Contemporary deep learning approaches were implemented as stronger baseline methods to provide more rigorous comparative evaluation. Convolutional Neural Networks (CNNs) were applied separately to facial and audio data, followed by late fusion strategies to combine predictions from individual modalities. The CNN architectures included ResNet, EfficientNet, and Vision Transformer variants for facial analysis, and 1D CNN and WaveNet architectures for audio processing. Recurrent neural network baselines included LSTM and GRU networks processing concatenated multimodal features, with attention mechanisms to identify relevant temporal segments (Skibinska and Burget, 2021). Transformer-based models adapted for multimodal time series classification served as state-of-the-art comparisons, incorporating positional encoding schemes suitable for continuous temporal data and cross-modal attention mechanisms. Graph neural network baselines included GraphSAGE, Graph Attention Networks (GAT), and Graph Convolutional Networks (GCN) adapted for our multimodal temporal graph representation. These methods provided direct comparisons to our approach while using simpler graph construction strategies and standard message passing mechanisms without the specialized temporal and cross-modal components of our proposed framework.

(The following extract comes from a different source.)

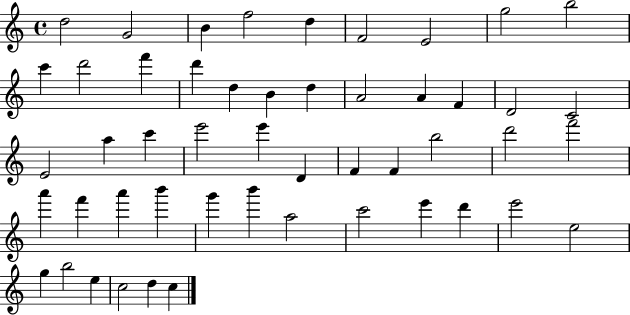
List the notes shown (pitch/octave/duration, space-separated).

3.3 Evaluation metrics and experimental protocol

The evaluation framework for our multimodal dynamic graph neural network encompasses a comprehensive suite of performance metrics designed to assess the model's effectiveness across multiple dimensions relevant to clinical sleep monitoring applications. The classification performance is primarily evaluated using standard accuracy metrics, where the overall accuracy is computed as $Accuracy = \frac{1}{T} \sum_{t = 1}^{T} 𝕀 [{\hat{y}}_{t} = y_{t}]$ , representing the proportion of correctly classified time steps across the entire temporal sequence. Beyond overall accuracy, we compute precision and recall for each sleep disorder category k using the formulations ${Precision}_{k} = \frac{T P_{k}}{T P_{k} + F P_{k}}$ and ${Recall}_{k} = \frac{T P_{k}}{T P_{k} + F N_{k}}$ , where TP_k, FP_k, and FN_k denote true positives, false positives, and false negatives for category k, respectively. The F1-score, computed as $F 1_{k} = \frac{2 \cdot {Precision}_{k} \cdot {Recall}_{k}}{{Precision}_{k} + {Recall}_{k}}$ , provides a balanced measure that is particularly important for handling class imbalance inherent in sleep disorder datasets.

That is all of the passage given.